- Theatrical release poster
- Directed by: Ted Kotcheff
- Written by: Robert Klane
- Produced by: Victor Drai; Malcolm R. Harding;
- Starring: Tom Selleck; Don Ameche; Anne Jackson; Wendy Crewson; Christine Ebersole; Michael Murphy;
- Cinematography: Larry Pizer
- Edited by: Joan E. Chapman
- Music by: Michel Colombier
- Production company: Penta Pictures
- Distributed by: 20th Century Fox
- Release date: May 1, 1992;
- Running time: 109 minutes
- Country: United States
- Language: English
- Budget: $15 million
- Box office: $6.1 million

= Folks! =

1992 film by Ted Kotcheff

Folks! is a 1992 American black comedy film directed by Ted Kotcheff, written by Robert Klane and starring Tom Selleck as a selfish yuppie who takes in his parents after their house burns down. It was panned by critics, earning Selleck a nomination for the Golden Raspberry Award for Worst Actor and also underperformed at the box office.

==Plot==
Successful stockbroker Jon Aldrich is living a good life with his wife Audrey and their two kids Kevin & Maggie until he encounters his elderly father, Harry, who has dementia and has accidentally burned down his own house. He tries to get his sister Arlene (who has two sons Jerry & Steve but is an irresponsible gold digger) to take care of Harry and his wife Mildred but she won't even open the door. Consequently, Harry and Mildred have to move in with him and his family, causing his life to start going downhill.

The company Jon works for was apparently doing illegal things which he knew nothing of, but no one believes him therefore he loses his job. The problems for him continue to mount as Harry continues to cause much trouble and, because of that, his family becomes broke. Audrey moves out with the kids and they lose everything except their apartment. Furthermore, as a result of his severe senility, Harry continues to unintentionally injure Jon, causing him to get hearing loss, a broken hand and a broken foot when a car runs over it. He also loses a testicle. Plus, Harry endangers the lives of Kevin, Maggie and himself at one point by jaywalking in an intersection one morning while trying to take them for a walk without letting anyone know.
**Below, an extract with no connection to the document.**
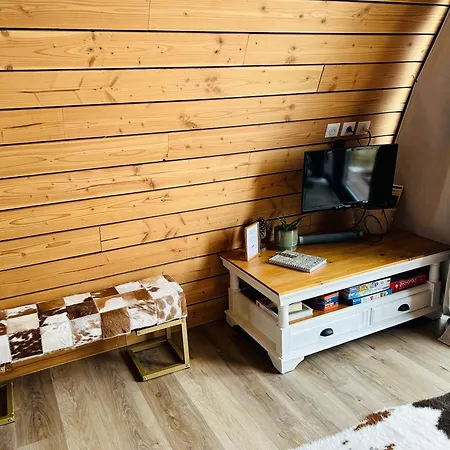 Cosy En Aubrac Nasbinals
Because of the whole mess, Jon slowly starts to lose his own sanity but in a brief moment of regaining his own, Harry tells him that he never wanted to burden him but he soon slips back into his state of dementia, where he is just consistently happy and often yells out "McDonald's". Jon talks with Mildred who also says that she and Harry never wanted to burden him. She then tells him that they have discussed it and they want him to help them die so he can collect the insurance money. He initially opposes this but eventually changes his tune.

Somehow ending up agreeing to volunteer to it, Jon helps Harry and Mildred try to commit suicide many unsuccessful times and halfway through the attempts Arlene shows up on his doorstep with both of her corpulent sons, needing a place to live. He initially refuses because she would not even open the door for Harry and Mildred but he eventually caves in and lets them stay. She also joins in on the attempts to help Harry and Mildred die, hoping for a cut of the insurance money. Her attempts are also unsuccessful.

Things slowly start looking up for Jon as Audrey eventually shows up to tell him that she was wrong for leaving and how much she loves the fact that he was willing to take in both Harry and Mildred. Upon her arrival she realizes all the injuries he has suffered since she saw last him, including the lost testicle. As they are reconciling, he realizes that Arlene, Harry and Mildred are gone and he knows they are going to try to commit suicide again with her help, so he tracks them down in an attempt to stop them which he successfully does but not without facing a bit more injury.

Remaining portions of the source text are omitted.